Issu d’un colloque organisé en 2018 dans le cadre des entretiens de la Fondation des Treilles – où l’on s’était déjà penché sur la place de La Nouvelle Revue française dans la vie littéraire du xxe siècle et sur le trio Gide, Copeau, Schlumberger –, le riche ensemble qu’éditent aujourd’hui Robert Kopp et Peter Schnyder s’intéresse aux correspondances des auteurs de la première NRF : correspondances entre eux (principalement autour de Gide, qui tient, comme on peut s’y attendre, une place pivot : lettres entre Gide et Drouin, Gide et Ghéon, Gide et Schlumberger), mais aussi avec des écrivains sinon « extérieurs », du moins périphériques, tels que Jules Romains, Marcel Proust, Charles-Louis Philippe, ou encore Maurice Barrès.
« La NRF aura offert à l’intelligence l’une de ses plus grandes fêtes, écrivent les éditeurs en introduction, les lettres qui accompagnent les textes méritent à leur tour notre attention – les unes complètent les autres, l’échafaudage de telle ou telle oeuvre qui a fait date devient visible. »

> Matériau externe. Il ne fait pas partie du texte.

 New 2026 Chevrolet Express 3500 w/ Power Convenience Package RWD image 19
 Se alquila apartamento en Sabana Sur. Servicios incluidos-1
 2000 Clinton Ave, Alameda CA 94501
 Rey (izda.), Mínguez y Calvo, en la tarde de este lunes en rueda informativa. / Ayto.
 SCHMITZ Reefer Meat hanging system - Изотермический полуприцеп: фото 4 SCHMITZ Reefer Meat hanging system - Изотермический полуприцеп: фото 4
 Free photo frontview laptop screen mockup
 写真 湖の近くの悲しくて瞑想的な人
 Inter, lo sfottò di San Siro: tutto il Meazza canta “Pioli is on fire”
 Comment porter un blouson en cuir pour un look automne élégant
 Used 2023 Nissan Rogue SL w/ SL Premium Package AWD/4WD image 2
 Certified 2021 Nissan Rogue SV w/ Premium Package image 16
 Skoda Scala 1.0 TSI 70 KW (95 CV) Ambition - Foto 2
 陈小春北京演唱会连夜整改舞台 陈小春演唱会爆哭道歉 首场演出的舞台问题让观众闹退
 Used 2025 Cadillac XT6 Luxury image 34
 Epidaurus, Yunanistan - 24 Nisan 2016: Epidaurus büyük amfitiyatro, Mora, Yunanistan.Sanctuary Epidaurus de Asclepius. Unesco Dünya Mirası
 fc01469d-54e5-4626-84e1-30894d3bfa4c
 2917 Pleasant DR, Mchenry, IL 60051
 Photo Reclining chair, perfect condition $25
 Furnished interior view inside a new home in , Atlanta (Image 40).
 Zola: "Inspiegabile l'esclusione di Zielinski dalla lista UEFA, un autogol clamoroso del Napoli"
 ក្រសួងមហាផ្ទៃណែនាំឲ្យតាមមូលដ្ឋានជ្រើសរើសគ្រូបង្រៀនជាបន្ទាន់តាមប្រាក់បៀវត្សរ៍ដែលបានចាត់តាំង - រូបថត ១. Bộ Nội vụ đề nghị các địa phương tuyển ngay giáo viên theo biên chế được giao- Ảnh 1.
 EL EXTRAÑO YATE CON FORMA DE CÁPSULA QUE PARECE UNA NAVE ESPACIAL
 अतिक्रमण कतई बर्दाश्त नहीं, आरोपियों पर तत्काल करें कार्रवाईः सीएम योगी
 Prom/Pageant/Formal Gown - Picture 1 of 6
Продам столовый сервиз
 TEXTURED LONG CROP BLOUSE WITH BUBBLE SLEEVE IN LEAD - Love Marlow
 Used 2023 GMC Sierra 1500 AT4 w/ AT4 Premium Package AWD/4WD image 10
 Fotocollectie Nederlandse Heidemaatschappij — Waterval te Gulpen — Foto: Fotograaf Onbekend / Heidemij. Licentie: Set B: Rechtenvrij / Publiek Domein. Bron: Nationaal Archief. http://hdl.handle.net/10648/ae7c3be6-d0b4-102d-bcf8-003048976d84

De fait, dans Un monde de lettres, on mesure à travers ces abondantes correspondances (celle de Jacques Copeau ne comporte pas moins de 6 000 missives !) analysées par les auteurs l’utilité que présentent les lettres pour la connaissance de l’histoire littéraire en général et celle de la NRF en particulier, qu’il s’agisse des questions pratiques et d’intendance (la recherche laborieuse des premiers abonnés, révélée dans les lettres de Schlumberger à sa femme) ou de la construction des oeuvres des uns et des autres, où l’objet « lettre » tient tout son rôle. « Il est notoire que pour beaucoup d’écrivains, rappelle Thomas Hunkeler dans son exposé sur NRF et Dada, leur correspondance a vocation à devenir ultérieurement oeuvre, tout comme le journal intime ou le carnet de notes. »
Il n’y a du reste pas que l’histoire littéraire qui soit concernée : les correspondances d’écrivains intéressent aussi celle des mentalités et l’histoire tout court, telles les lettres entre Jean et Suzanne Schlumberger qu’étudie Lucie Carlier sous l’angle de l’expression des sentiments et de la conjugalité. La seconde partie du volume contient un ensemble de 47 lettres entre ces deux époux, ainsi qu’un choix de 78 lettres entre Jean Schlumberger et Jacques Copeau.